Adopting AppData in KDE?
Thomas Lübking
thomas.luebking at gmail.com
Sun Nov 3 17:15:26 GMT 2013
On Sonntag, 3. November 2013 16:28:56 CEST, Albert Astals Cid wrote:
> El Diumenge, 3 de novembre de 2013, a les 13:24:40, Richard Hughes va
> escriure:
>> On 3 November 2013 12:32, Albert Astals Cid <aacid at kde.org> wrote:
>>> I am all for listing "high quality applications", it's just
>>> that this just
>>> doesn't help.
>>
>> Sure it does. We're not going to get AppData files for sodipodi,
>> cinepaint or arora any time soon.
>
> But you said anyone can write one and submit it to Fedora for
> submission, you
> also said they're pretty trivial to write, so why do you think
> I (or someone
> else) can not write one for sodipodi and submit it?
I think everyone who read this thread was immediately aware that the "high quality applications" argument is "flawed" (i've actually another term in mind)
Qualification/certification requires a trustworthy instance, not some formalized README.
And the presence of an AppData description does neither indicate that the app is actually maintained (not now and certainly not in the long run, not even if you'd pervert the idea of a standard and alter it once a month), nor does the absence indicate that the app is of low quality (by measure of update frequency, some essential CLI tools would have to be considered "utter crap", because they work the way they are since a decade - and they do not even provide screenshots!!!)
The one and only point of forcing the apps to support AppData in order to be available is to enforce the AppData "standard".
If google videosearch would only find youtube videos, there'd be not the slightest doubt about that being a move in order to enforce (or at least "encourage") distribution via youtube and certainly not to assure "high quality videos" - of cats...
The important questions to ask and answer (well, "is it usable")
----------------------------------------------------------------
* does it presently qualify as "standard" at all? (not as long as it states particular tools - like gnome i18n, as claimed by David)
* what are the benefits of this particular standard over pot. competitors?
* what are the deficits of this particular standard?

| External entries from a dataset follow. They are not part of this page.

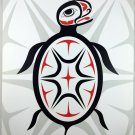 Sea Turtle Lon French Signed Print Haida Northwest Coast Native Art
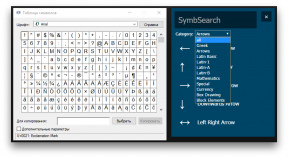 Jak rychle najít znak Unicode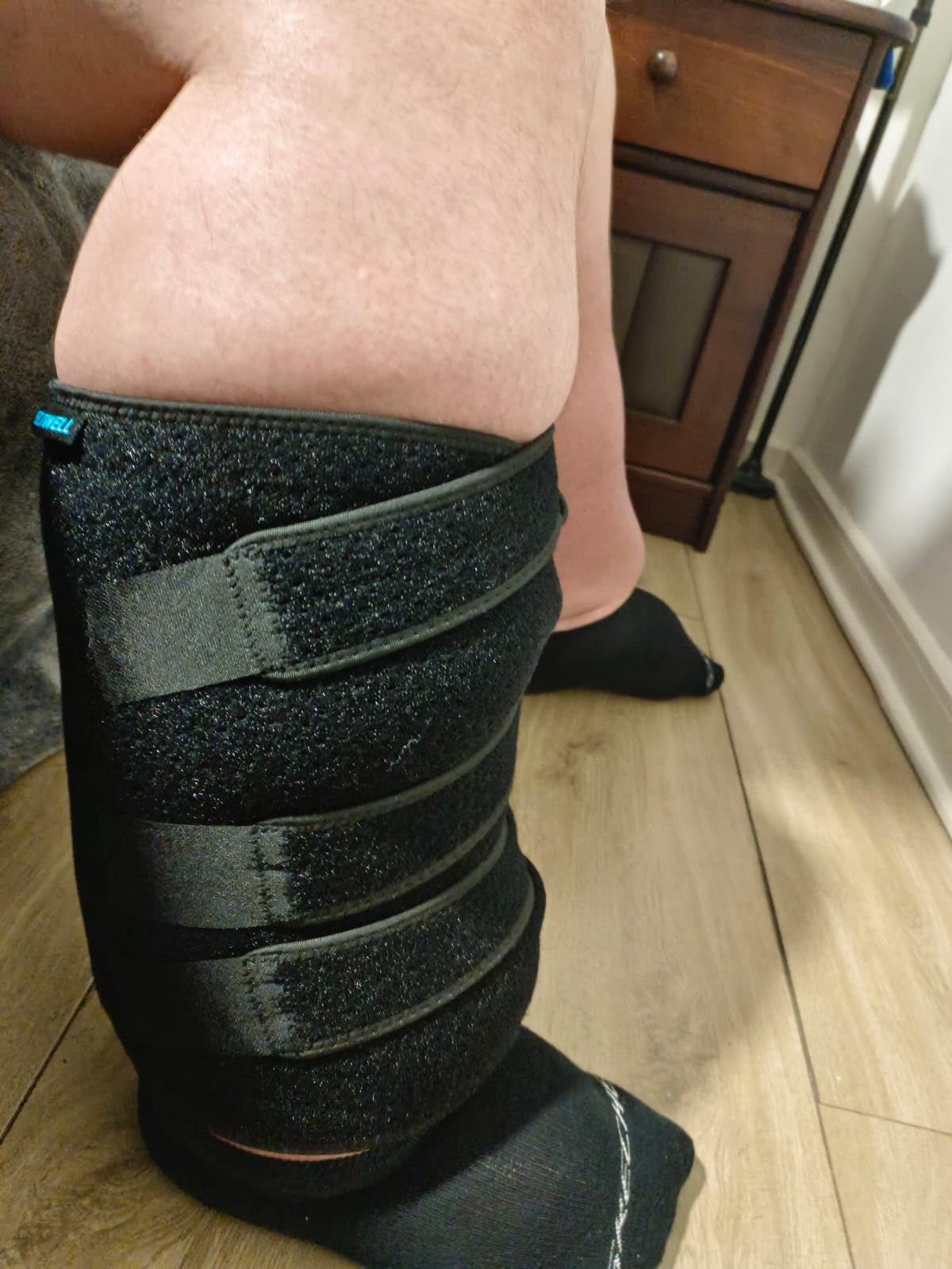 Beltwell Lymphedema Compression Calf Wrap - Adjustable Calf Brace Sleeve for Men & Women, Swelling, Edema, Varicose Veins customer photo 2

* who is in control of the standard?
* what are the benefits in controlling the standard?
* What are the goals? Is it actually supposed to become a gatekeeper ("high quality applications" at best, "you use what i tell you"/"walled garden" at worst) tool?
* in case, by what technique (expert review, voting, etc.), ie. who becomes the gatekeeper?
No serious answer to the above could include buzz like "high quality" or "awesome".